_Data section_:
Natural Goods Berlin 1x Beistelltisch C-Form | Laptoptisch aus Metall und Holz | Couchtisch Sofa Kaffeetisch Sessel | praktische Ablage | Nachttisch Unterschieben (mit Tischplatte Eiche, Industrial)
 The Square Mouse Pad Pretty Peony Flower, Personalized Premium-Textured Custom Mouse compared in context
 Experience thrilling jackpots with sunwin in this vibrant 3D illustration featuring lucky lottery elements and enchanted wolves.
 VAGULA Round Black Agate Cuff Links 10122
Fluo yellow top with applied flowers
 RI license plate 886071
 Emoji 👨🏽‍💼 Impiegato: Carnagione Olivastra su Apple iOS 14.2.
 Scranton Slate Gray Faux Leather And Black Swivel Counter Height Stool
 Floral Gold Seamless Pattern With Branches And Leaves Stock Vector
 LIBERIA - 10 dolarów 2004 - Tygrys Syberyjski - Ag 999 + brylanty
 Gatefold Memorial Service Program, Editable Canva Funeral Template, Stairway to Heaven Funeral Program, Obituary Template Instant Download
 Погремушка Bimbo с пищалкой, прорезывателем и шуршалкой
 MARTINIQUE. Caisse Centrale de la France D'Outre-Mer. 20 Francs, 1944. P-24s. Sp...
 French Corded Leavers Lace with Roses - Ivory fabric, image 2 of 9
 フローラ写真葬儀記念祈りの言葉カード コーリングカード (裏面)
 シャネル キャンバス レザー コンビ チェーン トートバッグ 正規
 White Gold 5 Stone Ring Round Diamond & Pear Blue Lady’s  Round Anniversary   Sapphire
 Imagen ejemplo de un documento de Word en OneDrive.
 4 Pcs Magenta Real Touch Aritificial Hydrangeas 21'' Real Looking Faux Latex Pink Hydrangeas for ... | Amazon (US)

_Work order_: Each entry above must be printed exactly as written.

_Worked solution_:
Natural Goods Berlin 1x Beistelltisch C-Form | Laptoptisch aus Metall und Holz | Couchtisch Sofa Kaffeetisch Sessel | praktische Ablage | Nachttisch Unterschieben (mit Tischplatte Eiche, Industrial)
 The Square Mouse Pad Pretty Peony Flower, Personalized Premium-Textured Custom Mouse compared in context
 Experience thrilling jackpots with sunwin in this vibrant 3D illustration featuring lucky lottery elements and enchanted wolves.
 VAGULA Round Black Agate Cuff Links 10122
Fluo yellow top with applied flowers
 RI license plate 886071
 Emoji 👨🏽‍💼 Impiegato: Carnagione Olivastra su Apple iOS 14.2.
 Scranton Slate Gray Faux Leather And Black Swivel Counter Height Stool
 Floral Gold Seamless Pattern With Branches And Leaves Stock Vector
 LIBERIA - 10 dolarów 2004 - Tygrys Syberyjski - Ag 999 + brylanty
 Gatefold Memorial Service Program, Editable Canva Funeral Template, Stairway to Heaven Funeral Program, Obituary Template Instant Download
 Погремушка Bimbo с пищалкой, прорезывателем и шуршалкой
 MARTINIQUE. Caisse Centrale de la France D'Outre-Mer. 20 Francs, 1944. P-24s. Sp...
 French Corded Leavers Lace with Roses - Ivory fabric, image 2 of 9
 フローラ写真葬儀記念祈りの言葉カード コーリングカード (裏面)
 シャネル キャンバス レザー コンビ チェーン トートバッグ 正規
 White Gold 5 Stone Ring Round Diamond & Pear Blue Lady’s  Round Anniversary   Sapphire
 Imagen ejemplo de un documento de Word en OneDrive.
 4 Pcs Magenta Real Touch Aritificial Hydrangeas 21'' Real Looking Faux Latex Pink Hydrangeas for ... | Amazon (US)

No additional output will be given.